EXCERPTED RECORDS:
————
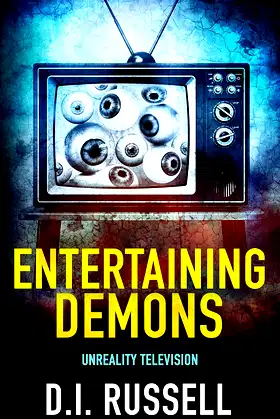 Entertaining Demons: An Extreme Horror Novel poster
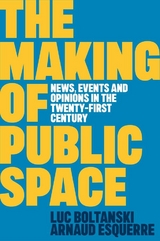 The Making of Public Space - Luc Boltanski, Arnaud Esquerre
————
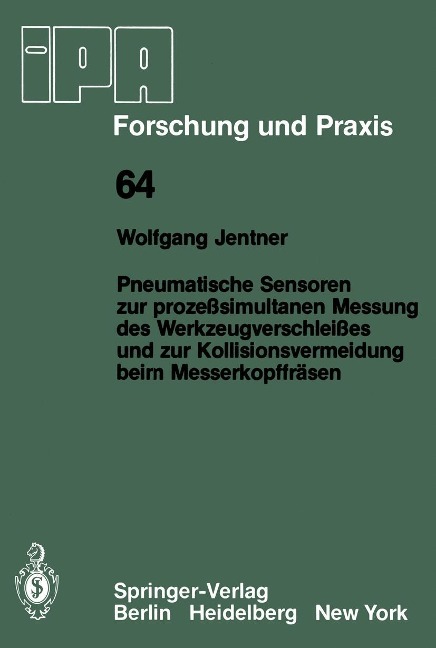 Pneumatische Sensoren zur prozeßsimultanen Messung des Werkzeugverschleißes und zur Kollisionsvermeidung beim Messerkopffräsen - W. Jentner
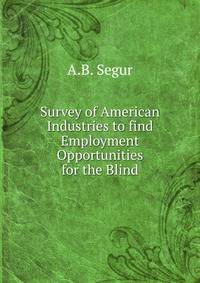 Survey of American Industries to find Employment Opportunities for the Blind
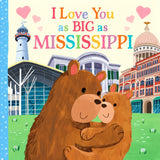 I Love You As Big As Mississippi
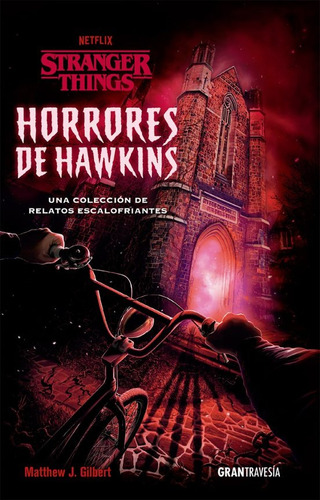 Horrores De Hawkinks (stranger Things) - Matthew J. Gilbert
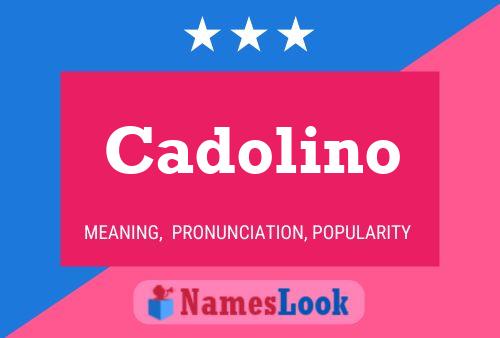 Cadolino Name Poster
————
REQUIRED ACTION: Copy everything above from the line holding "Entertaining Demons: An" down to the line holding "The Making of", both ends included, exactly as it stands and without the pictures.

ANSWER SPACE:
 Entertaining Demons: An Extreme Horror Novel poster
 The Making of Public Space - Luc Boltanski, Arnaud Esquerre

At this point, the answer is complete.